Images: Nicky clutching an empty bottle of her favourite shampoo.
This conversation is coming my way very soon: Him: ‘Babe, did you get your haircut again this month?’ Me: ‘Er, no. Why?’ Him: ‘Oh, because there’s another charge for a hairdresser on our credit card statement for $104.’ Me: ‘Um…’ Him: ‘What’s that all about?’ Me: ‘Um…’
Let me try to explain my expensive and embarrassing shampoo addiction in the hope that I can mount some kind of defence when my husband discovers just how much I’ve been spending on washing my hair.
It began 18 months ago.

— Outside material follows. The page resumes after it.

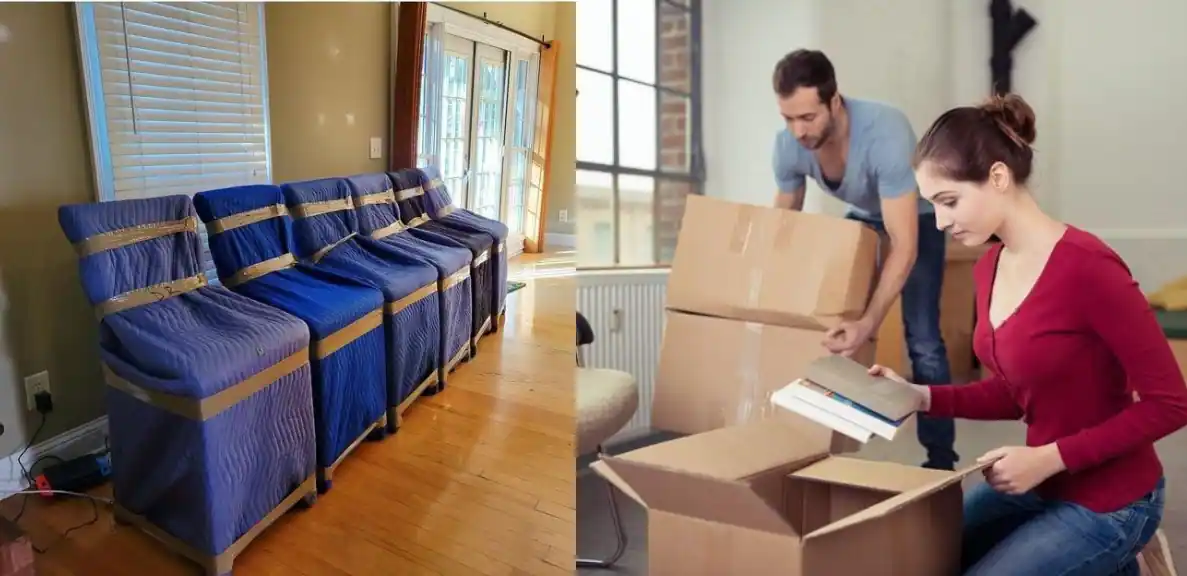 Packers And Movers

I was invited to experience a Shu Uemura Art of Hair Ceremony. It was 50-minutes of pure heaven, complete with Japanese tea ceremony, hair brushing and shiatsu head massage all by a trained hair master.
And yes, I’m aware of how ridiculous that sounds.

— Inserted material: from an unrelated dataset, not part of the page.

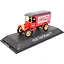 443026 Машинка литая коллекционная Motor City Classics - Die-сast модель по лицензии Coca-Cola 1926 Ford Model TT Delivery Van, масштаб 1:43 — 3170872 — 2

But what I did take home with me that day, along with incredibly soft hair, was the brand’s Moisture Velvet shampoo, $47, and conditioner, $57. After I had gone through those bottles, I paid the biggest compliment a beauty editor can ever give, I paid for more. And then more, and somehow in amongst the litter of empty bottles I had become completely addicted to only ever using this one type of shampoo.
You see, I have the kind of brittle, dry hair from years of bleaching that can go for days without washing. Before finding my Mecca, I could wash it just once a week without it turning greasy.

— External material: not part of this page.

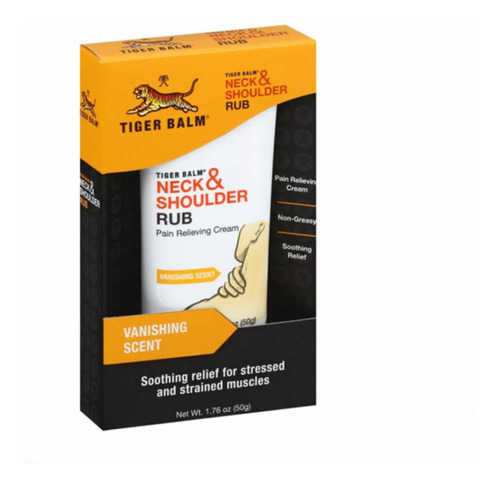 Tiger Balm Neck & Shoulder Rub 50g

That’s just how dry it was, but once I started using Shu Uemura’s shampoo and conditioner my previously unmanageable hair suddenly started behaving. It was soft, and shiny, glossy even. Which is something any blonde-haired woman can tell you only happens when the hair gods and certain planets align (i.e. never).
After decades of searching, I had found THE ONE. The product that could give me the elusive hair commercial type of shine. I thought that kind of weightless shine was an urban hair myth.